1. Make customer support proactive
Make it a priority to check in with your customers to see if they’re still happy with your product. Have they stopped using it for some reason? Have they been in touch with customer support previously to ask questions? Are they making the most of the features?
Dealing with problems before the customer starts questioning the value of your product can often head off any objections. It also helps to build longer-term relationships, which in turn means more stable revenue.
2. Step up your email marketing
SaaS companies still tend to underestimate the power of their email lists for customer retention, but email is still an effective customer engagement channel. Emails don’t need to be complicated or long, but they do need to be genuine and caring.

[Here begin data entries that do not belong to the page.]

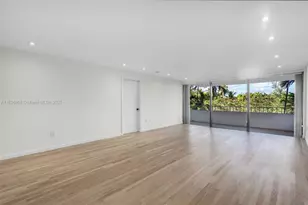 155 Ocean Ln Dr, Key Biscayne, FL 33149 - Photo 7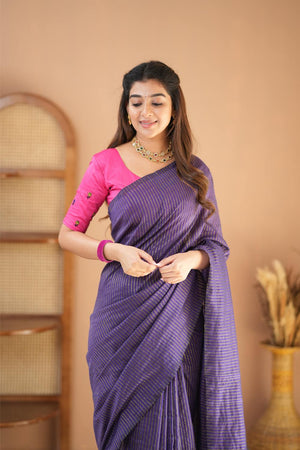Color_violet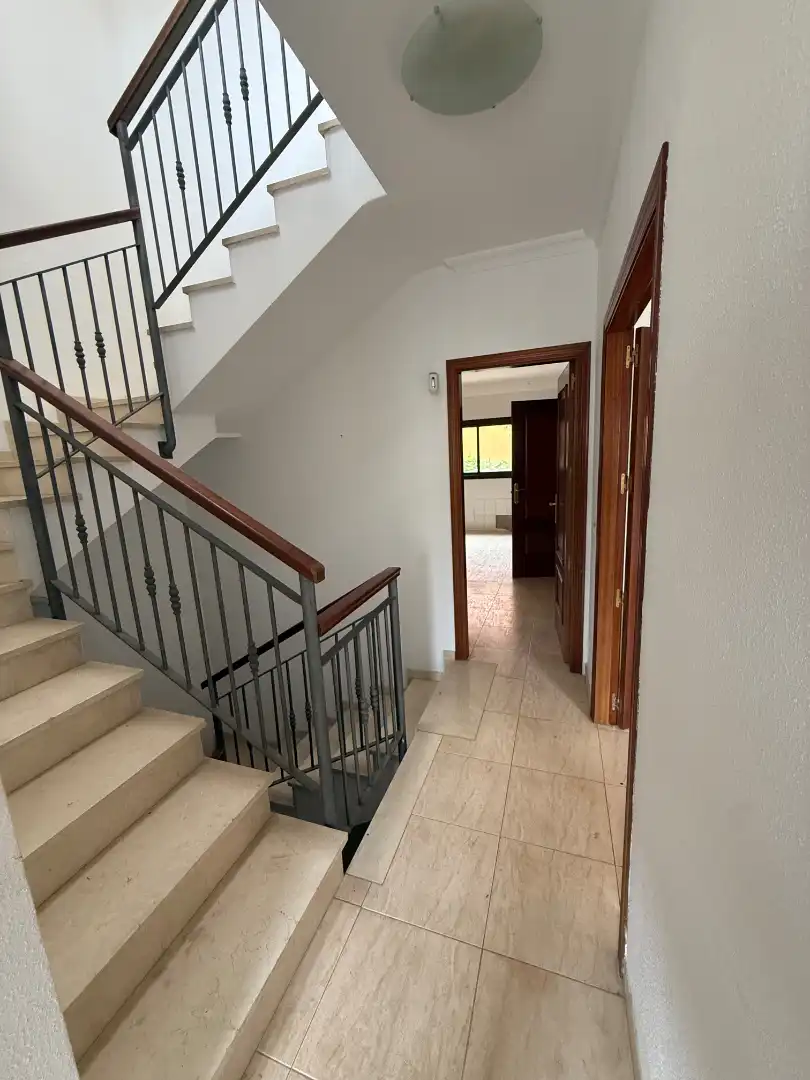 Dúplex en venta en Adeje con Terraza, Trastero y Balcón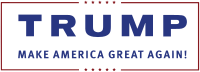 Trump Transparent.svg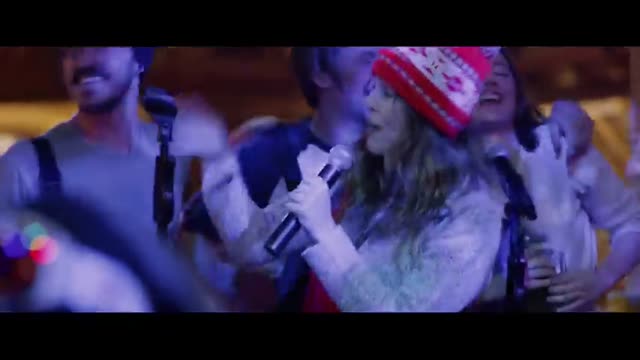 Ed Sheeran - Perfect (Official Music Video)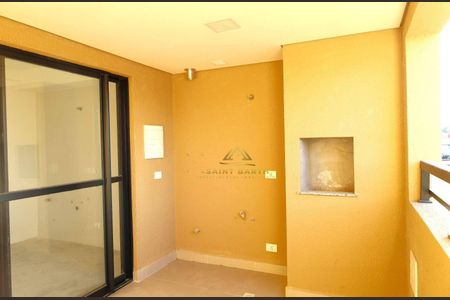 12_photo/94dcfb2bd7.dc2f81502f5c61b8-ATLAS-1971c5ba-63be-4b07-aea7-3625a1c32982.jpg de apartamento para alugar com 2 quartos, 51m² em Hauer, Curitiba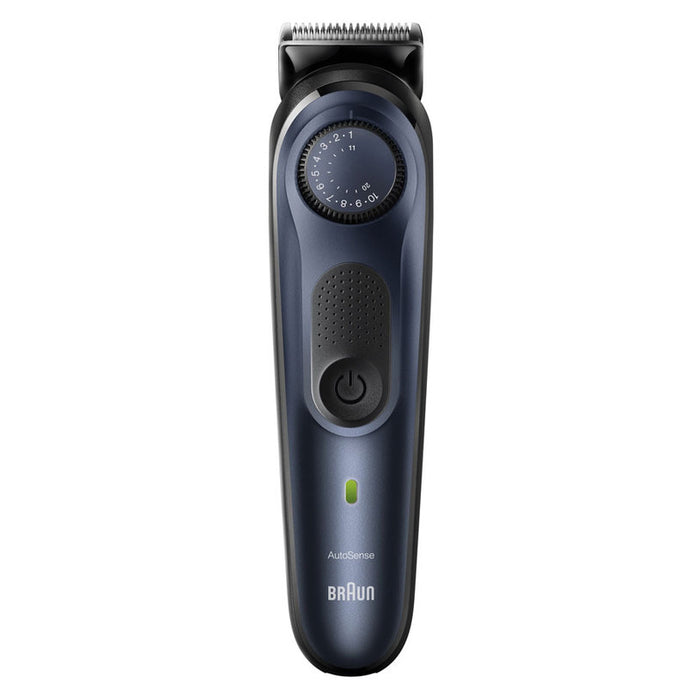 Trimmer BRAUN BT7330
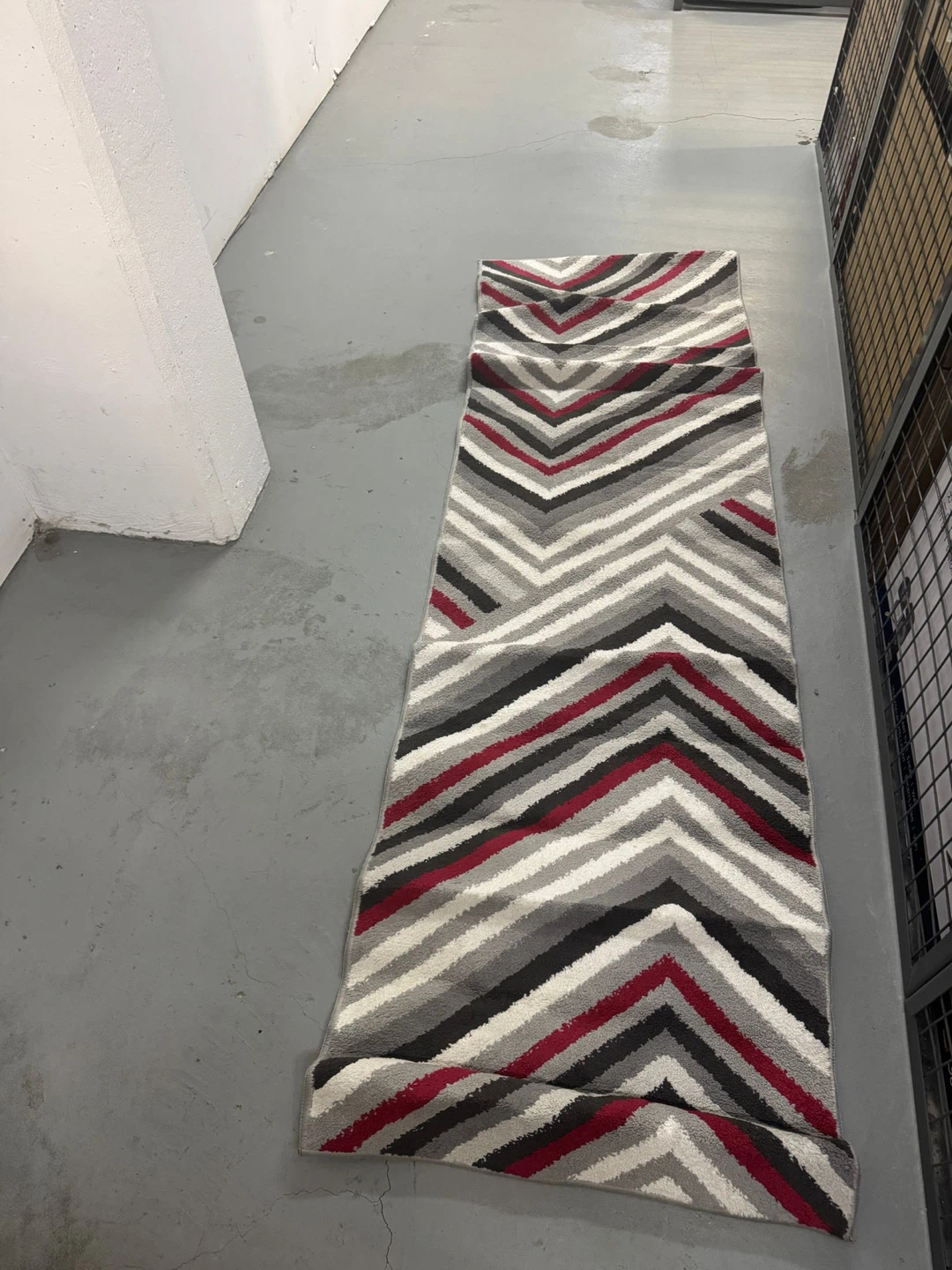 Carpet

Regular contact with customers helps to establish trust and can give you insight into things that can be improved.
Customer retention emails might include:
Customer loyalty discounts/rewards/freebies
Surveys
Educational emails for “later customers” helping them accomplish bigger things with your product
Milestone emails
Here’s an example of a milestone email from Sleeknote. No sales pitch. No ulterior motive. It's just a genuine and human message acknowledging a great customer to make them feel special and appreciated.
3. Switch monthly subscribers to annual plans
If your SaaS startup relies on monthly subscriptions, then a customer (or an entire company) can question their payment every single month. Which means that every month you could potentially lose all your customers (talk about a worst-case scenario!).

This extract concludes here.